Вот что говорит князь Мышкин, когда Парфен Рогожин спрашивает его, верит ли он в Бога:
«Чрез час, возвращаясь в гостиницу, наткнулся на бабу с грудным ребенком. Баба еще молодая, ребенку недель шесть будет. Ребенок ей и улыбнулся, по наблюдению ее, в первый раз от своего рождения. Смотрю, она так набожно-набожно вдруг перекрестилась. “Что ты, говорю, молодка?” (Я ведь тогда всё расспрашивал.) “А вот, говорит, точно так, как бывает материна радость, когда она первую от своего младенца улыбку заприметит, такая же точно бывает и у Бога радость всякий раз, когда Он с неба завидит, что грешник пред Ним от всего своего сердца на молитву становится”. Это мне баба сказала, почти этими же словами, и такую глубокую, такую тонкую и истинно религиозную мысль, такую мысль, в которой вся сущность христианства разом выразилась, то есть всё понятие о Боге как о нашем родном Отце… – главнейшая мысль Христова! Простая баба!.. Слушай, Парфен, ты давеча спросил меня, вот мой ответ: сущность религиозного чувства ни под какие рассуждения, ни под какие проступки и преступления и ни под какие атеизмы не подходит; тут что-то не то, и вечно будет не то; тут что-то такое, обо что вечно будут скользить атеизмы и вечно будут не про то говорить. Но главное то, что всего яснее и скорее на русском сердце это заметишь, и вот мое заключение!»
Когда спектакль закончился, минуты две-три стояла гробовая тишина. А потом зал взорвался аплодисментами, криками, столь бурным восторгом, который трудно описать. Это длилось минут двадцать-тридцать. Мне говорили, что бывало и дольше. С годами и наша, и мировая критика (спектакль показывался в Лондоне) поняла, что произошло событие громадное, масштаба значительного, трудно и словами выразить.
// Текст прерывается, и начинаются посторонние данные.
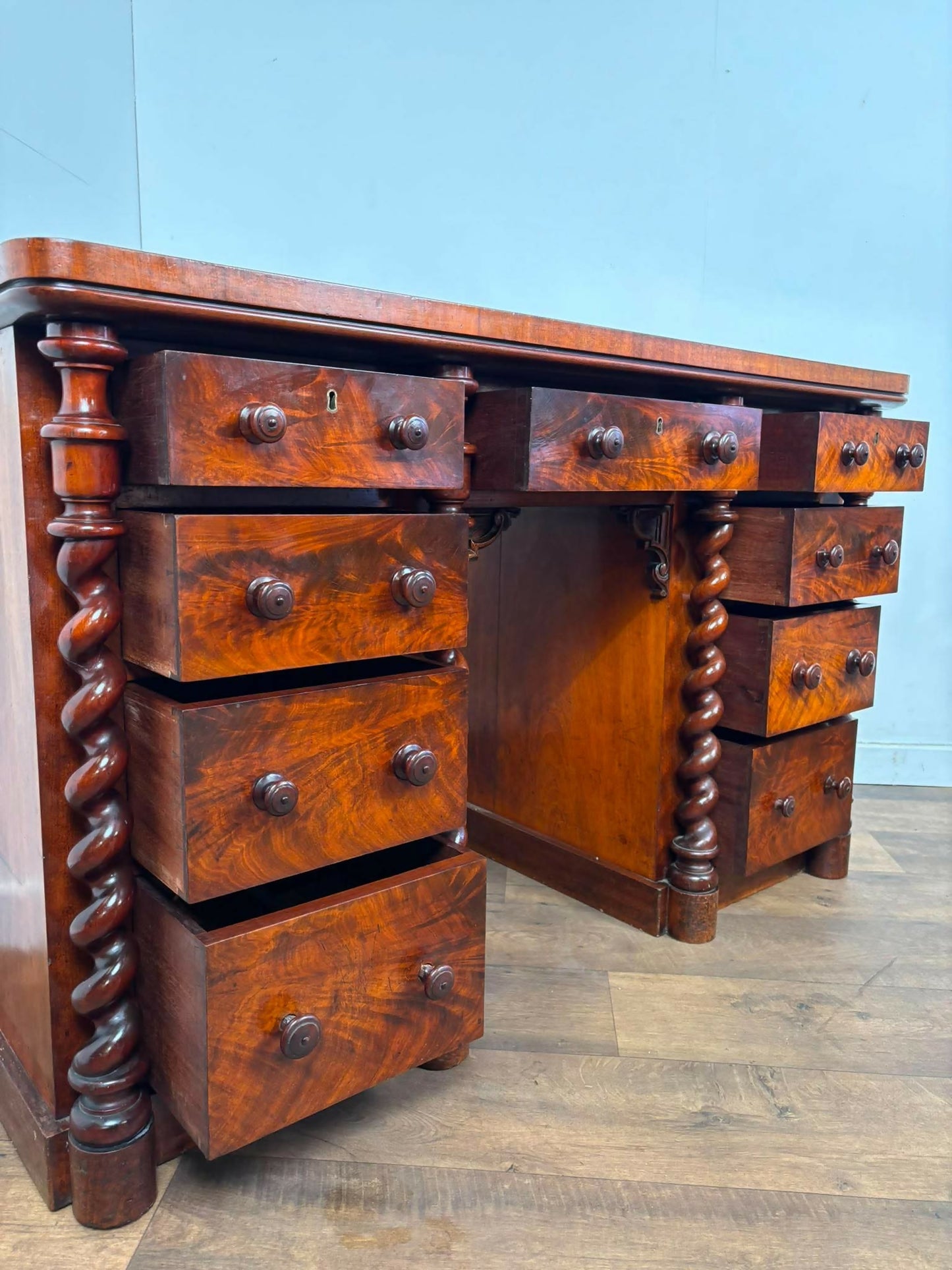 Victorian Scottish Flame Mahogany Pedestal Desk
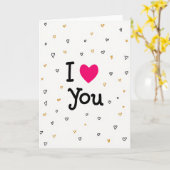 I Love You Scattered Hearts Card Kaart (Gele Bloem)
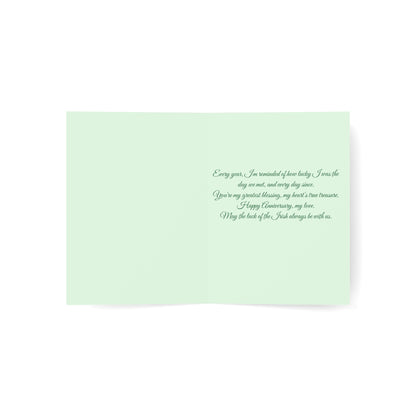 St. Patrick's Day Wedding Anniversary Greeting Card — "Married on St. Patrick's Day" Anniversary Card Personalize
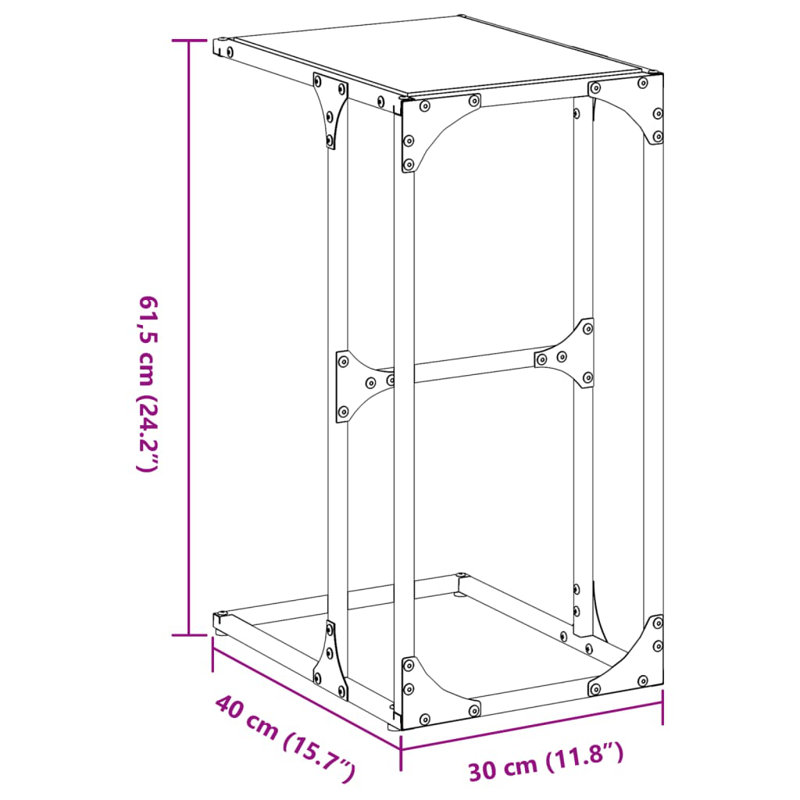 4-2 Glass Top End Table, Transparent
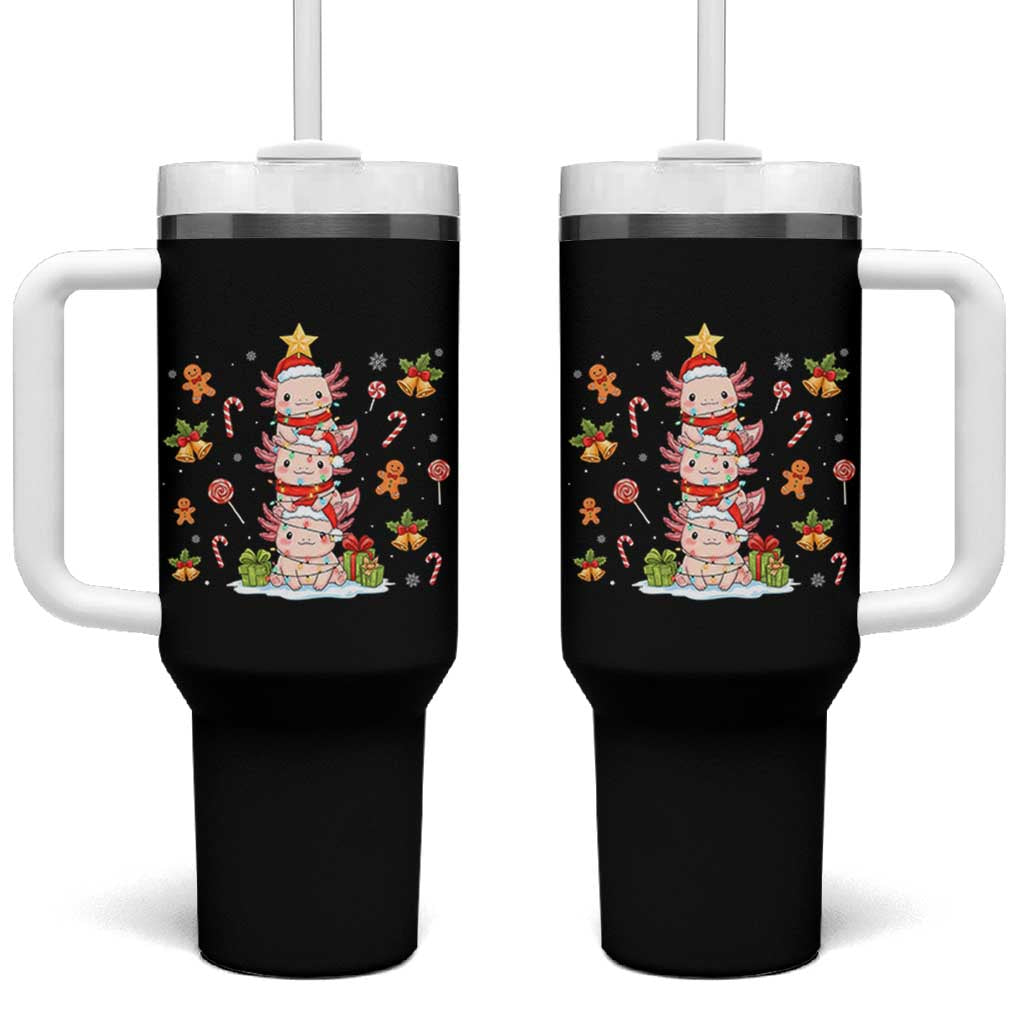 Funny Christmas Kawaii Axolotl Xmas Tree Tumbler With Handle - Wonder Print Shop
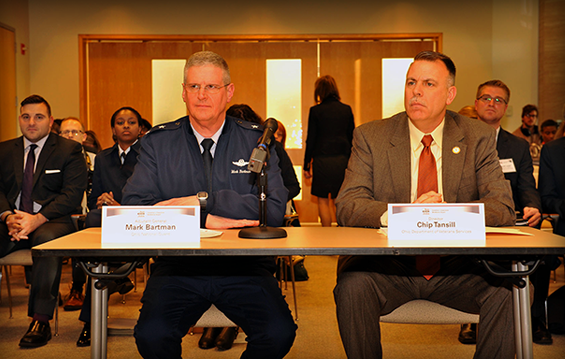Maj. Gen. Mark E. Bartman (left), Ohio adjutant general, and retired Col. Chip Tansill, Ohio Department of Veterans Services director, prepare to speak to members of the Governor’s Executive Workforce Board concerning veterans in the workplace.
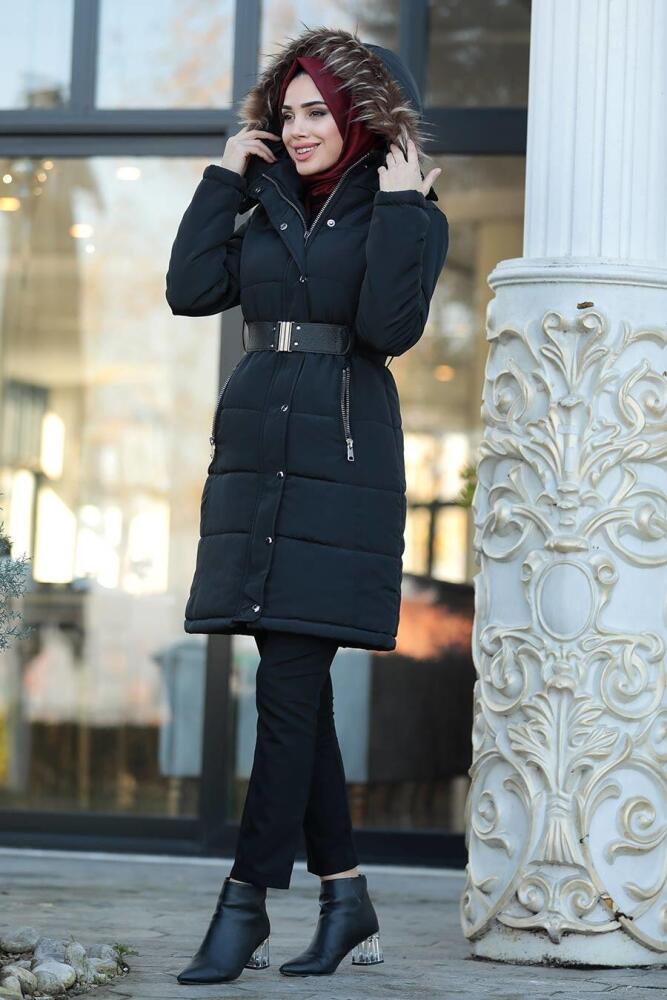 Neva Style - Black İnflatable Coat 5090S - 1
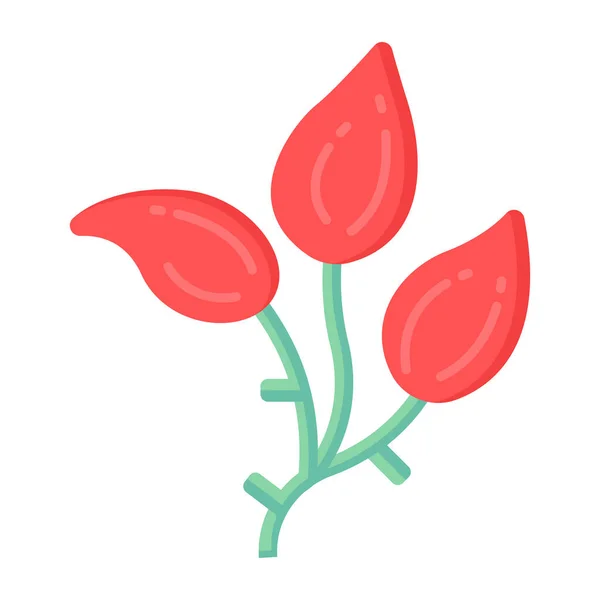 Icono Flor Ilustración Plana Los Iconos Vector Tulipán Para Web — Vector de stock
Федор Михайлович Достоевский своим творением предстал перед народом:
живой, подлинный, тот, которого по праву называют русским гением.
Роль князя Мышкина, думаю, была той самой, для которой и родился актер Иннокентий Михайлович Смоктуновский. В кино он сыграл около ста ролей. Очень много хороших, даже отличных работ у него было и в театрах. Но ни в одной из них не было той высоты, как в роли князя Мышкина. Актер не играл, а жил на сцене жизнью, повторю, человека Божия. Он и в реальной жизни был таким – странным, непонятным для многих. И в лучших его ролях, и в кино, и в театре, слышались знакомые интонации князя Мышкина, паузы, выражения глаз, жесты – всё те же, что и у человека не от мира сего.
Партийное руководство тоже чувствовало это. И потому спектакль не был снят на видео – можно найти лишь небольшие отрывки к передачам. Слава Богу, спектакль удалось записать на виниловые диски: вышел альбом из трех пластинок.
Я храню и устаревший «музыкальный центр», и любимые «винилы». И время от времени прослушиваю запись поразительного спектакля, который в безбожное время рассказал о человеке, который ради любви к Богу и людям пожертвовал своей жизнью. О чем и написал Федор Михайлович Достоевский в своем бессмертном романе.
К разгадке тайны
Семнадцатилетним юношей Достоевский в письме своему брату Михаилу писал:
«Человек есть тайна. Ее надо разгадывать, и ежели будешь разгадывать всю жизнь, то не говори, что потерял время; я занимаюсь этой тайной, ибо хочу быть человеком».
Так определил назначение всей своей жизни юный Федор, еще не написавший даже первой своей повести «Бедные люди», прочитав которую Белинский восторженно воскликнул:
– Новый Гоголь явился!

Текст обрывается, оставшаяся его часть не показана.